France’s strict commitment to public secularism, intended to separate public institutions from the Catholic Church, dates back to the late 1800s. Wednesday marks the 110th anniversary of a 1905 law enshrining the practice into French society.
But in recent years, secularism has also justified bans on Muslim headscarves and face coverings in schools and other public spaces, sparking controversy over whether the government has the right to tell religious students how to dress.
Wednesday’s celebration of secularism coincides with the shutting down of a number of mosques in France, a move that was justified by Hollande’s recent extension of emergency provisions to combat extremism. Last week, Moulay el-Hassan el-Alaoui Talibi, a leading French imam, said he expects more than 100 mosques to be closed in the near future.

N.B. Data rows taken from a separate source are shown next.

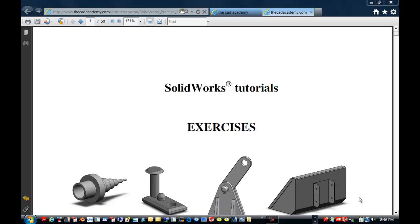Stephanie Kwame from the Cat Academy. We are going to take a look at the exercises that go along with your tutorials.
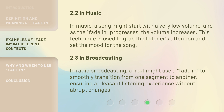In music, a song might start with a very low volume, and as the Fade In progresses, the volume increases. This technique is used to grab the listener's attention and set the mood for the song.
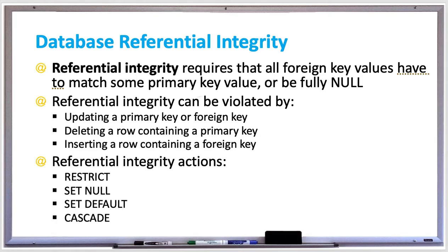In this video we're going to discuss referential integrity. A fully null foreign key is one where all columns are null. Referential integrity requires that all foreign key values have to match some primary key value or be fully null. Sometimes a data entry error or incomplete data may cause a referential integrity violation, but these must be fixed before the data is stored in the database.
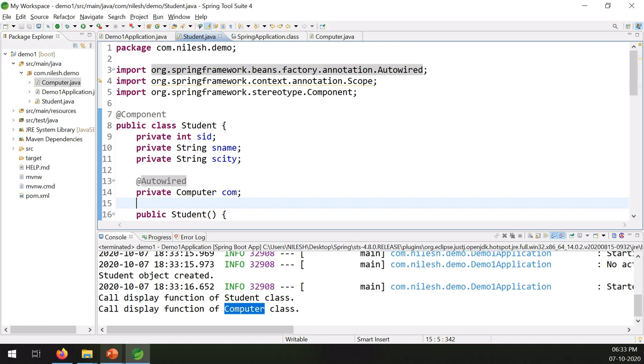So this covers the Spring Boot annotations: @Component, @Scope, and @Autowired. Thank you very much for watching the video.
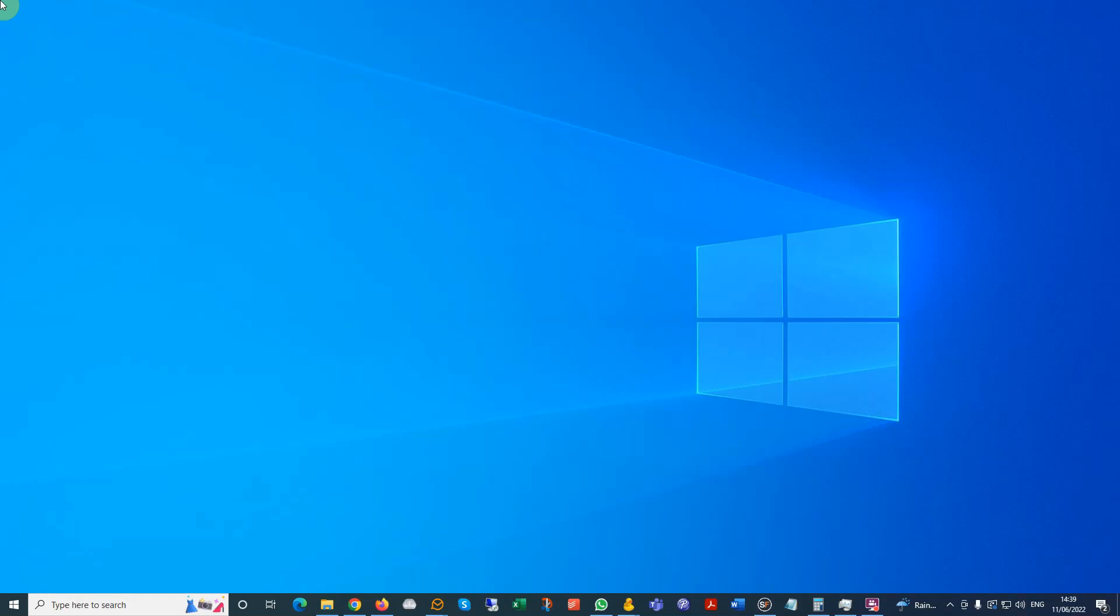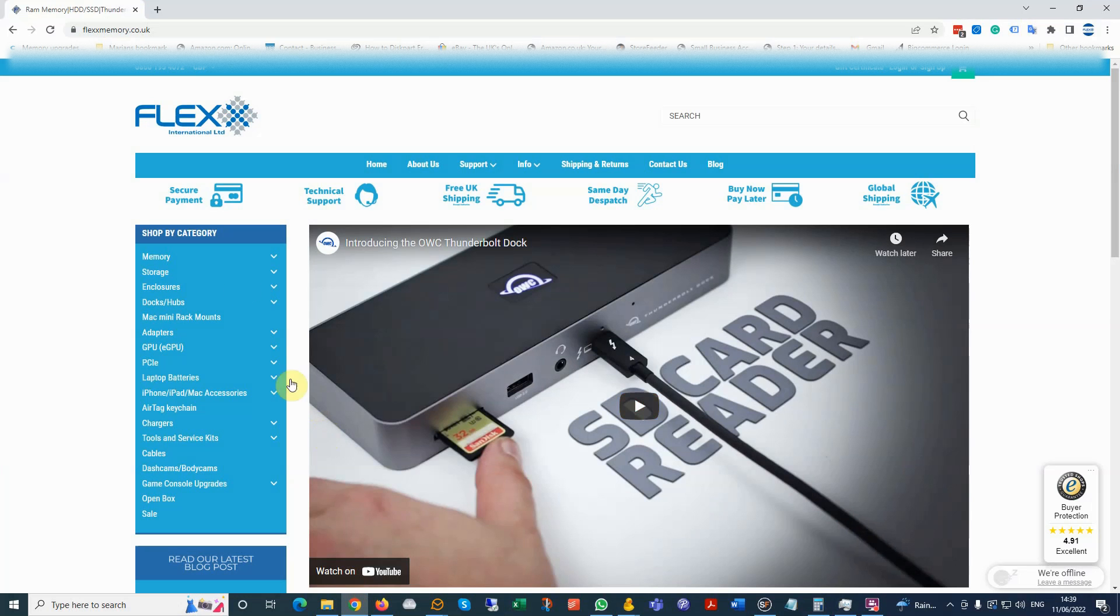This is part 2 of our video. In this video, I would like to show you how easily you can find an upgrade for your computer on our website, flexmemory.co.uk.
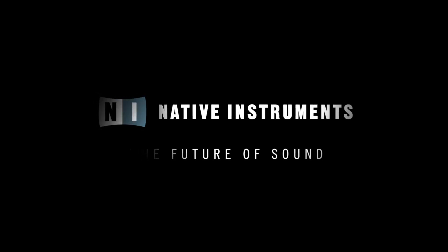And that's iZotope's Ozone 10 standard. Check it out today at iZotope.com or get it from Native Instruments as part of Complete 14. If you want to learn more about mastering, head over to iZotope's YouTube channel and check out the series Are You Listening?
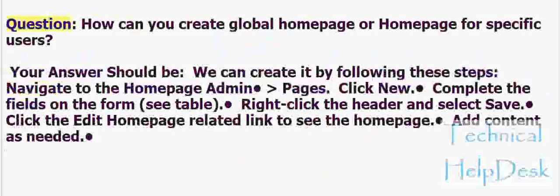Question: How can you create a global Home Page or a Home Page for specific users? We can create it by following these steps: Navigate to Home Page Admin Pages, click New, complete the fields on the form, right-click the header and select Save, then click the Edit Home Page related link to see the Home Page and add content as needed.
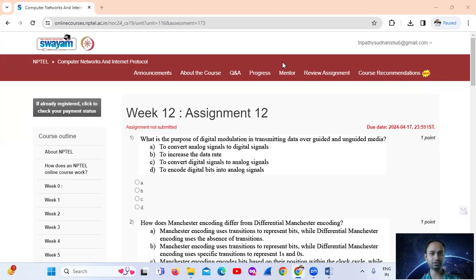Hello, welcome. Today we are seeing NPTEL Computer Networks and Internet Protocol, Week 12, Assignment number 12. This is the last assignment.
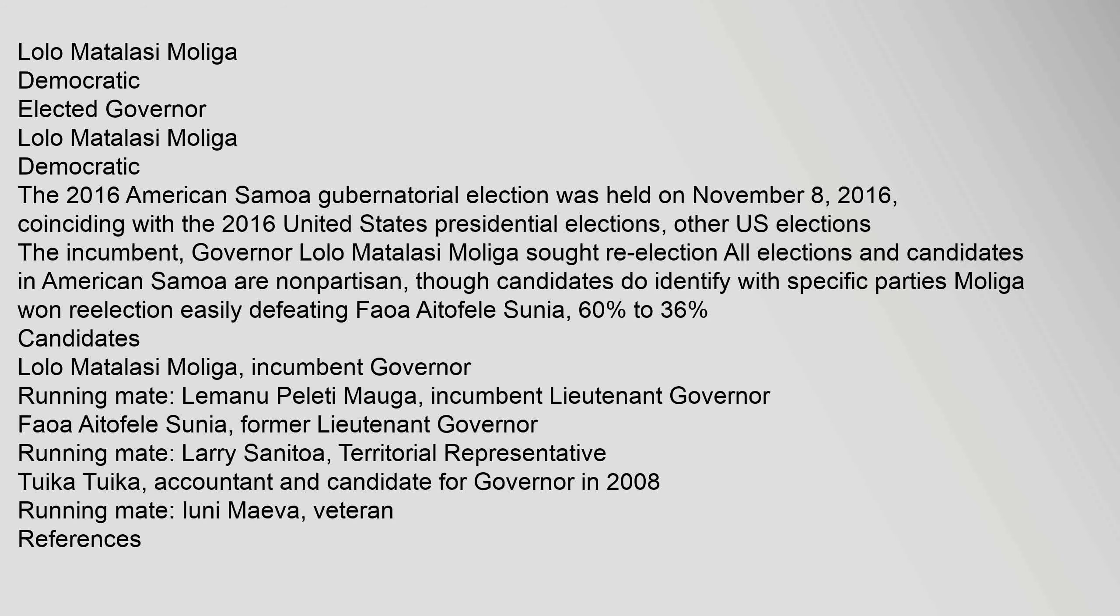The incumbent Governor Lolo Matalasi Moliga sought re-election. All elections and candidates in American Samoa are non-partisan, though candidates do identify with specific parties. Moliga won re-election easily, defeating Faoa Aitofele Sunia 60% to 36%.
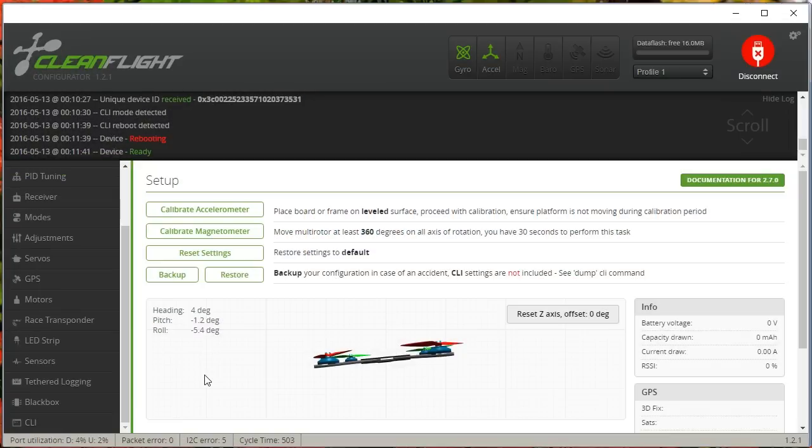So something didn't go right, and I'll troubleshoot that. But in general, what I just did should be what you need to do to enable multi-shot. Good luck. Pray for me. Happy flying.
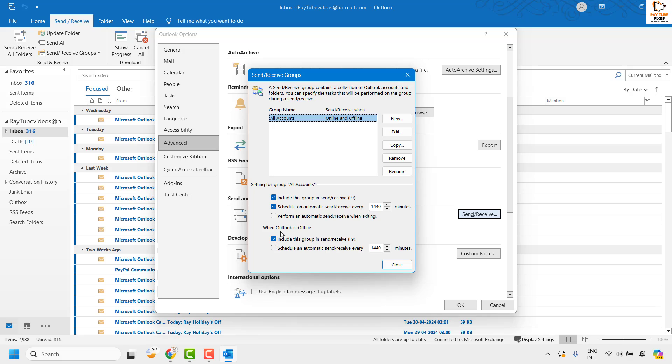Under this section, make sure you have an option which says Schedule an Automatic Send and Receive. By default it will be set to 30 minutes. For testing purposes I had set it to 140 minutes.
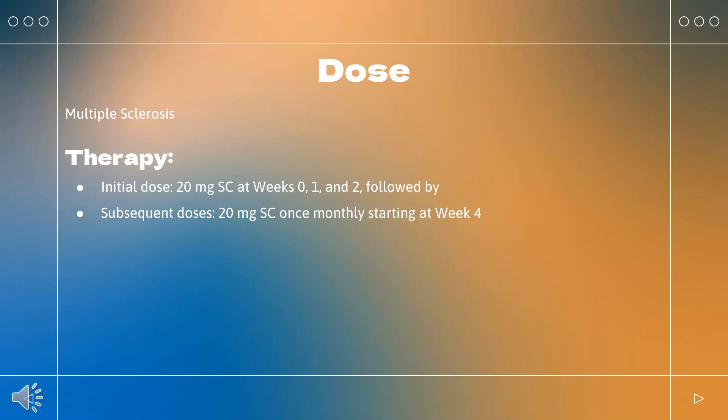How to use ofatumumab? For multiple sclerosis — indicated for relapsing forms of MS, including clinically isolated syndrome, relapsing-remitting disease, and active secondary progressive disease. Initial dose: 20 mg subcutaneously at weeks 0, 1, and 2, followed by subsequent doses of 20 mg SC once monthly starting at week 4.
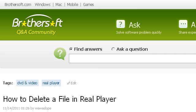The most helpful site to learn about how to delete a file in RealPlayer is ask.brothersoft.com. See the page titled 'How to delete a file in RealPlayer' — RealPlayer Q&A. This is the link.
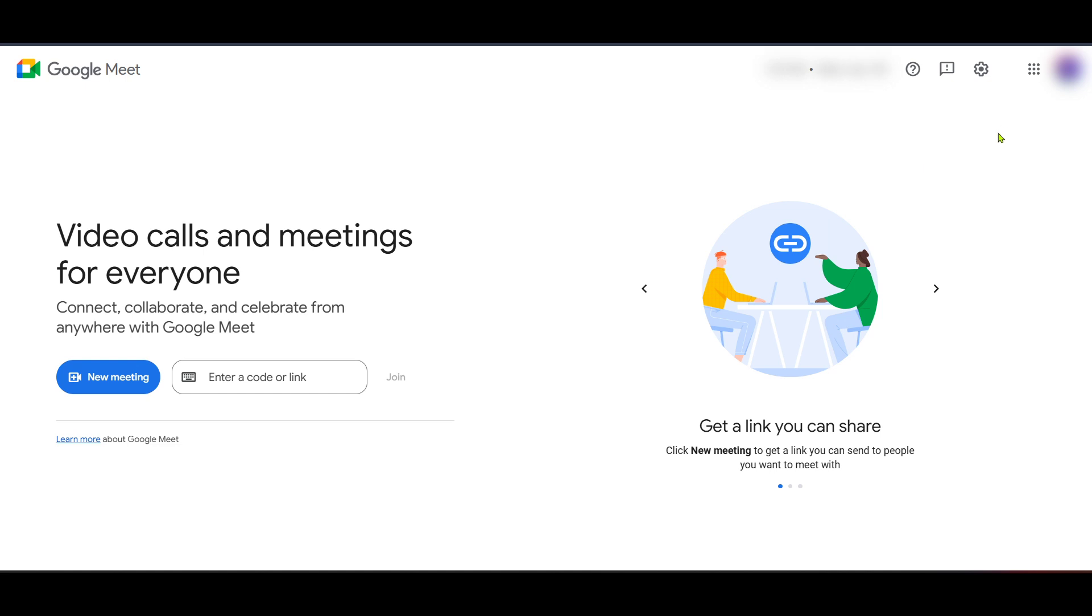First let's start by navigating to Google Meet. You can easily find it by typing Google Meet into your browser search bar or click onto your applications if you're logged into your Google account. Once there you'll see the familiar layout of Google Meet but don't start a meeting just yet.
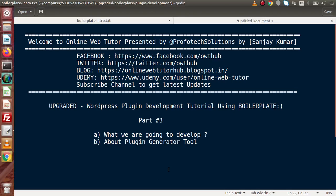Hello guys, welcome to Online Web Tutor presented by Profotech Sessions team. I am Sanjay. We are learning about the best plugin boilerplate using the WordPress Plugin Boilerplate. This is our Part 3.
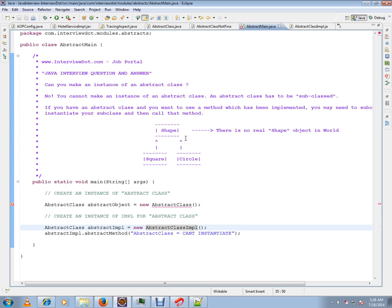Similarly, I can say vehicle—there is nothing called vehicle, but there is car and bus. So vehicle in this case will become the abstract class.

In the suburbs of Paris, home to North African immigrant communities, many students view laïcité as a way of preventing them from freely practicing their religion, instead of a chance to separate themselves from spirituality in certain settings.
Those feelings have been exacerbated by the National Front.
Marion Maréchal-Le Pen, niece of party leader Marine Le Pen, has even vowed to ban kosher and halal lunch options for students in schools in Provence-Alpes-Côte d’Azur in southeast France, if she wins in regional elections this week.
These suggestions come despite speculation the terrorists who carried out last month’s deadly attacks — a number of whom were French and Belgian Muslims — were radicalized in part because they felt marginalized by secularism and other policies that affect minorities.
On Wednesday, French Education Minister Najat Vallaud-Belkacem made note of those sentiments in a visit to a Parisian school.
“Sadly, a lot of young people now question whether laïcité might actually be an enemy, a means to deny them their religion,” she told a group of teachers and students.